August Burns Red und "Guardians": Auf die Fresse, aber nicht stumpf

„Auf die Fresse“ trifft das Album vermutlich ganz gut – aber während diese Bezeichnung oft mit röhrenden Gitarrensounds und immer den gleichen schnellen Beats einhergeht und stumpfe Aggressionen musikalisch verpackt, ist die neue Platte von August Burns Red überhaupt nicht „stumpf“.

„Guardians“ ist das neunte Studioalbum der amerikanischen Metalcore-Band August Burns Red.
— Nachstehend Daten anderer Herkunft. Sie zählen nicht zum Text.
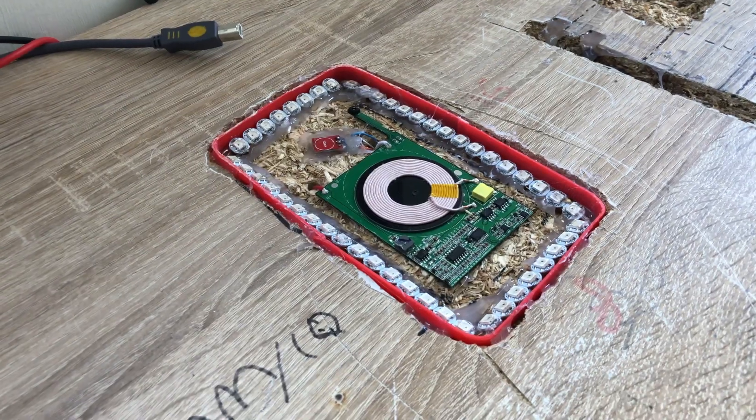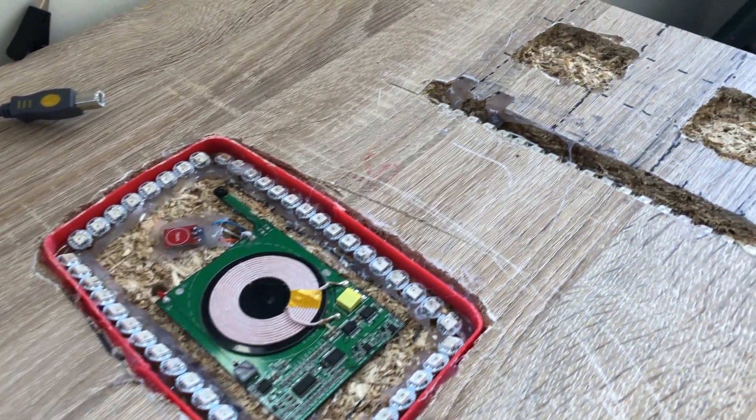I'm working on a crazy project. If you want to see what it is, subscribe and don't forget to turn on bell notifications to see my stupid, sometimes crazy electronic projects. I think that's enough for today.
Diese hatte in der Vergangenheit bereits bewiesen, dass sie abwechslungsreichen Metalcore beherrscht und auch die neue Platte zeigt das auf knapp 50 Minuten wieder einmal.

Die elf Tracks bilden durch sehr ähnlichen Sound eine Einheit und sind doch sehr unterschiedlich. Einheit deswegen, weil überall schnelle Bassdrums, prägnante Gitarren und – ganz typisch Metalcore – die Shouts präsentiert werden. Und dennoch sind sich die Songs in ihren Details nicht ähnlich. Gerade die Gitarrenparts glänzen durch sehr durchdachte Soli und Riffs, zu nennen wäre hier vor allem „Bloodletter“, die Einstiege und Enden der Songs sind mal ausfadend und mal ganz klar kantig.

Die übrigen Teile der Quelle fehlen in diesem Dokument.